Problem details.
Please transcribe every entry below exactly as written.

----

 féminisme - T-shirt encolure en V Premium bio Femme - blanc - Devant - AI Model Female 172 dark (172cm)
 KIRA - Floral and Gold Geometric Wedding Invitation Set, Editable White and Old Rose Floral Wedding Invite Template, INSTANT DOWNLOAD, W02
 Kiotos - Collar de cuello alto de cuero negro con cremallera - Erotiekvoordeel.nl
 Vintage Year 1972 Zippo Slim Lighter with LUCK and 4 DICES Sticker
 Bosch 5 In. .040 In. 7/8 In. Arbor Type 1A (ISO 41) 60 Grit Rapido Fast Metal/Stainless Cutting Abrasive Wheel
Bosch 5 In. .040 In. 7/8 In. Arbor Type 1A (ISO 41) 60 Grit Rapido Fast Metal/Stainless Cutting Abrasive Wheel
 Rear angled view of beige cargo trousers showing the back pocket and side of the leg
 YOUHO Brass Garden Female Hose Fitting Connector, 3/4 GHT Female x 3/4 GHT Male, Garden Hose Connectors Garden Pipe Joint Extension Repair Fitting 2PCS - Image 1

----

Response to the task.
 féminisme - T-shirt encolure en V Premium bio Femme - blanc - Devant - AI Model Female 172 dark (172cm)
 KIRA - Floral and Gold Geometric Wedding Invitation Set, Editable White and Old Rose Floral Wedding Invite Template, INSTANT DOWNLOAD, W02
 Kiotos - Collar de cuello alto de cuero negro con cremallera - Erotiekvoordeel.nl
 Vintage Year 1972 Zippo Slim Lighter with LUCK and 4 DICES Sticker
 Bosch 5 In. .040 In. 7/8 In. Arbor Type 1A (ISO 41) 60 Grit Rapido Fast Metal/Stainless Cutting Abrasive Wheel
Bosch 5 In. .040 In. 7/8 In. Arbor Type 1A (ISO 41) 60 Grit Rapido Fast Metal/Stainless Cutting Abrasive Wheel
 Rear angled view of beige cargo trousers showing the back pocket and side of the leg
 YOUHO Brass Garden Female Hose Fitting Connector, 3/4 GHT Female x 3/4 GHT Male, Garden Hose Connectors Garden Pipe Joint Extension Repair Fitting 2PCS - Image 1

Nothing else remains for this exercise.